Buried deep within a recent statement to “Community Members” and in reference to their Draft Environmental Impact Report, The Del Puerto Water District states:
“Lengthy preliminary investigations did not reveal any fatal flaws”.
Where does the City of Patterson stand on exposing its citizens to a brand-new Man-Made Natural Hazard? The California Natural Hazard Disclosure Act: Section 1103 California Civil Code states: “real estate sellers and brokers are legally required to disclose if the property being sold lies within one or more state or locally mapped hazard areas”. If the proposed Del Puerto Canyon Reservoir is built, the entire City of Patterson will be downstream of a brand-new natural hazard. A Dam Inundation Zone.

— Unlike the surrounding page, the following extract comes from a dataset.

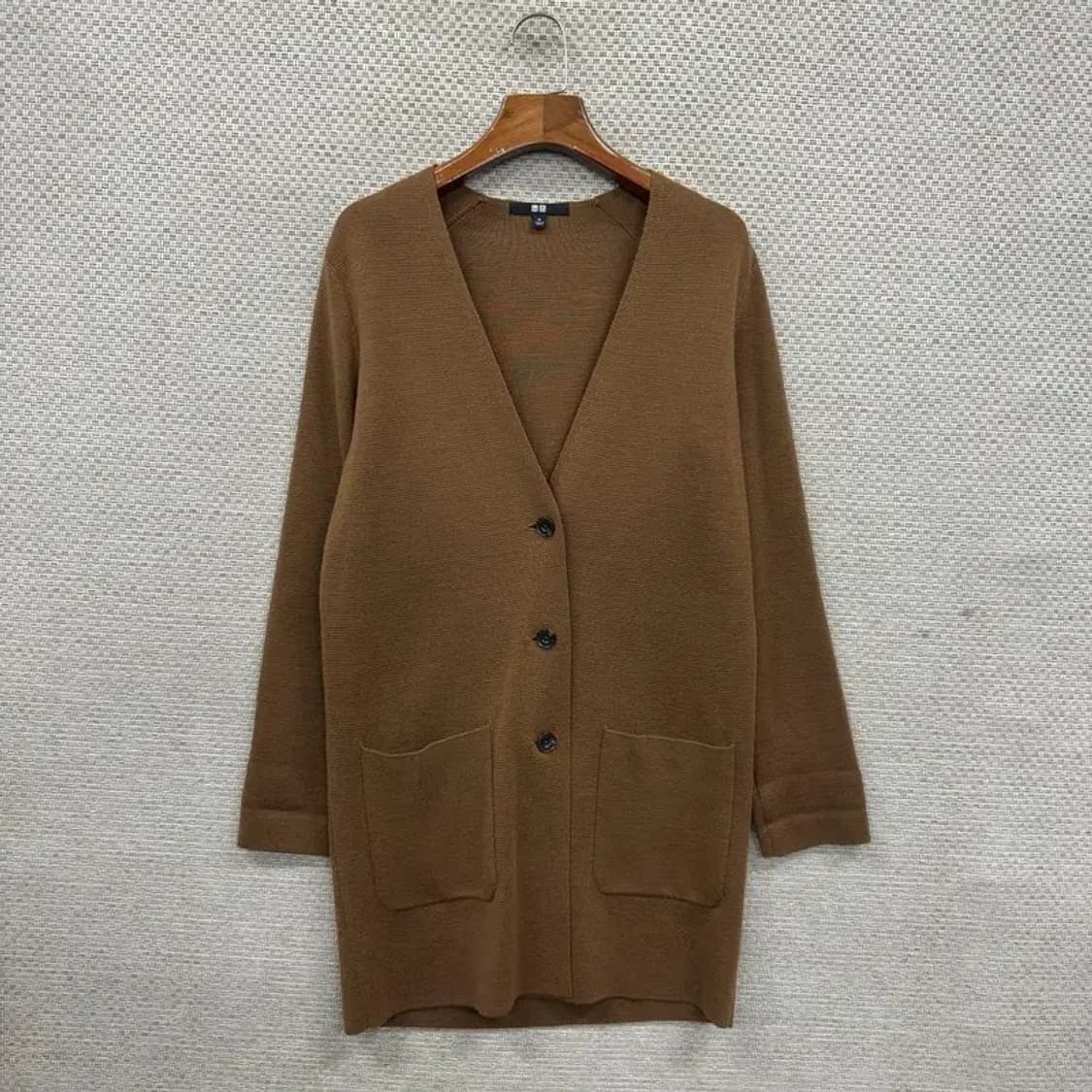 유니클로 브라운 캐주얼 울 롱 가디건 M M09431 상품이미지1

What do Patterson City Leaders think about the proposal? We don’t know since the City of Patterson is not listed as a responsible or trustee agency in the Draft Environmental Impact Report.

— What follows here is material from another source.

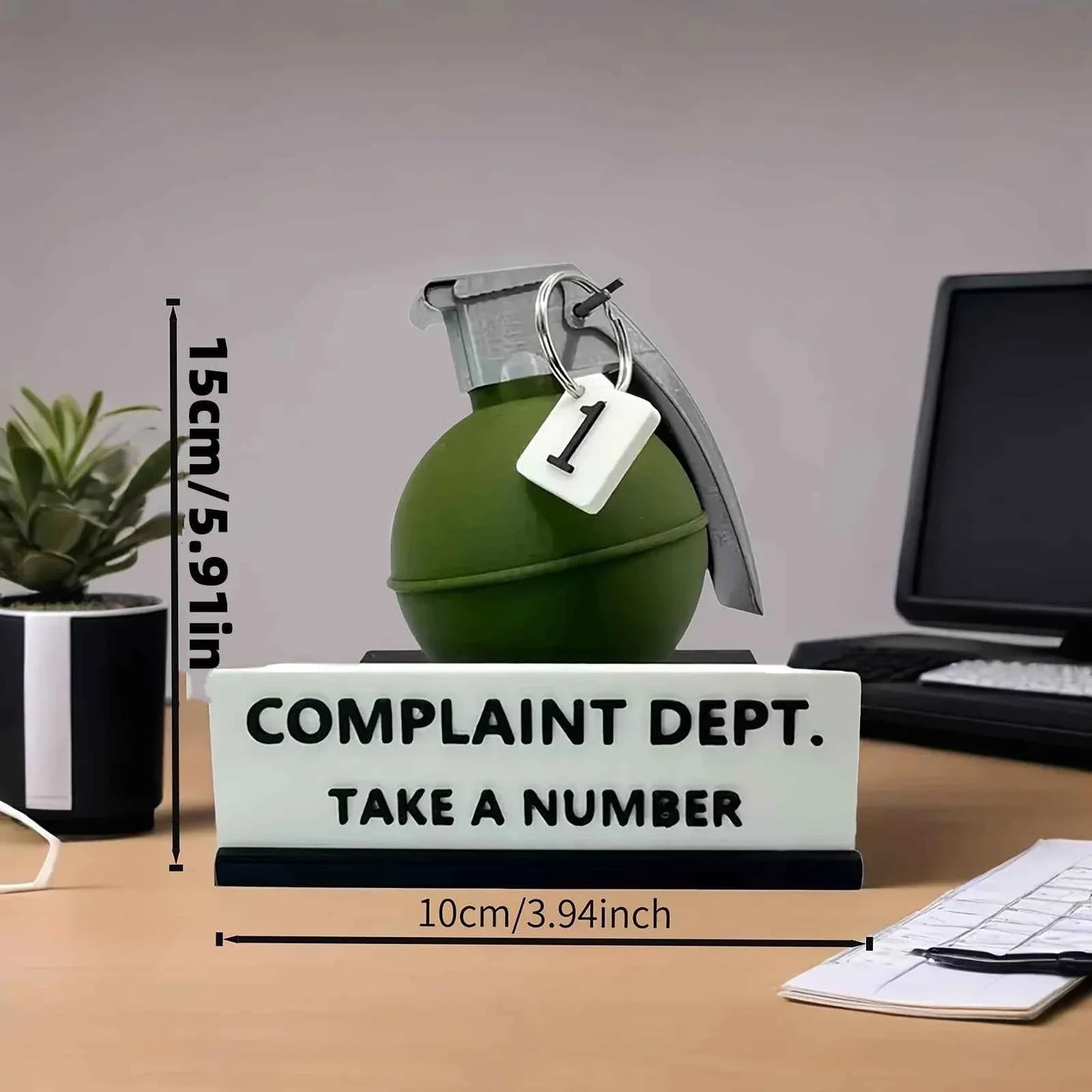 Complaint Department Desk Sign 3D Printed Prank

Yes, most of the proposed reservoir area is outside, but contiguous to the western city limits of Patterson, however the reservoir water conveyance system, electrical substation and pumping station are identified as within the city limits, therefore integral to its operation. As such, a nexus is created requiring input from the City of Patterson in issuing discretionary approvals. Permits.
In addition, the reservoir includes 650 acres of Mixed-Use land outside the city limits, but within the City of Patterson General Plan Study Area. This land has been pre-zoned with development standards and is included in the City of Patterson’s 2010 General Plan Final Environmental Impact Report. The loss of this land represents an evaporation of a potentially valuable sales and property tax base for the City of Patterson or Stanislaus County. It also puts the Del Puerto Water District Draft EIR in direct conflict with the City of Patterson’s 2010 General Plan Final EIR.
Shades of San Francis Dam
The sound of a crack in the middle of the night or perhaps an earthquake rumble, seconds before a black nothing. Four hundred twenty-two lives were lost in an instant in 1928 when the St. Francis Dam failed near Los Angeles, creating the second worst natural disaster in California’s history.
In February 2017, 188,000 people were evacuated from the Oroville Dam Inundation Zone as it teetered on the brink of collapse. Residents of Oroville and cities below, barely dodged the bullet of a complete dam failure. Warnings by state engineers of weaknesses in the dam system infrastructure were ignored by the state. Only by the grace of Thor, did the rain stop and allow state legislators to scramble for a fix.